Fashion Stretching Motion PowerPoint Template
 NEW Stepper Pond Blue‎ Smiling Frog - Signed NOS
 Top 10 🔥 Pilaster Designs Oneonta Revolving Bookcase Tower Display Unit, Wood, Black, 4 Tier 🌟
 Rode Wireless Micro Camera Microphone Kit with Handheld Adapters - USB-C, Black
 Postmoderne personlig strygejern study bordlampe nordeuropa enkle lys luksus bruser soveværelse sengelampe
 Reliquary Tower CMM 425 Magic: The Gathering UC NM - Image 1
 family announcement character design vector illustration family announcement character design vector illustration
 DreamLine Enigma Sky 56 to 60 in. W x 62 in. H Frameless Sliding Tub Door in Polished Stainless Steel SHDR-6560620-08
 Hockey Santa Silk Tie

○ ○ ○ ○ ○ ○ ○

### Task details
The lines to retype run from the start of the entries through the line containing "Top 10 🔥 Pilaster"; reproduce them exactly and add nothing.

### Expected output
Fashion Stretching Motion PowerPoint Template
 NEW Stepper Pond Blue‎ Smiling Frog - Signed NOS
 Top 10 🔥 Pilaster Designs Oneonta Revolving Bookcase Tower Display Unit, Wood, Black, 4 Tier 🌟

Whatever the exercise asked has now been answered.